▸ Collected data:
· · ·

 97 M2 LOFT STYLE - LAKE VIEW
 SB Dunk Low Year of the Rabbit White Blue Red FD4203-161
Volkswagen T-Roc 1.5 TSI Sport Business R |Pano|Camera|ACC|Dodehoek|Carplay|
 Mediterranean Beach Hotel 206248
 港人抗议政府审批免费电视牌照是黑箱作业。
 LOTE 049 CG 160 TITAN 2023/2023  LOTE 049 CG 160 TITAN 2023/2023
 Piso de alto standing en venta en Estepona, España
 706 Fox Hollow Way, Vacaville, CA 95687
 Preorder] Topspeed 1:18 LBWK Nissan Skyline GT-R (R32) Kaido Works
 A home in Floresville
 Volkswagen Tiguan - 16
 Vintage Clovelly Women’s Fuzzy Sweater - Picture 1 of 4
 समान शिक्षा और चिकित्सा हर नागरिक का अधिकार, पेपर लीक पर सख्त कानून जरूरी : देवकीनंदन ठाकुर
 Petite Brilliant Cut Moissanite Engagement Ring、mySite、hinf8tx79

· · ·

Could you copy each line above word for word?

 97 M2 LOFT STYLE - LAKE VIEW
 SB Dunk Low Year of the Rabbit White Blue Red FD4203-161
Volkswagen T-Roc 1.5 TSI Sport Business R |Pano|Camera|ACC|Dodehoek|Carplay|
 Mediterranean Beach Hotel 206248
 港人抗议政府审批免费电视牌照是黑箱作业。
 LOTE 049 CG 160 TITAN 2023/2023  LOTE 049 CG 160 TITAN 2023/2023
 Piso de alto standing en venta en Estepona, España
 706 Fox Hollow Way, Vacaville, CA 95687
 Preorder] Topspeed 1:18 LBWK Nissan Skyline GT-R (R32) Kaido Works
 A home in Floresville
 Volkswagen Tiguan - 16
 Vintage Clovelly Women’s Fuzzy Sweater - Picture 1 of 4
 समान शिक्षा और चिकित्सा हर नागरिक का अधिकार, पेपर लीक पर सख्त कानून जरूरी : देवकीनंदन ठाकुर
 Petite Brilliant Cut Moissanite Engagement Ring、mySite、hinf8tx79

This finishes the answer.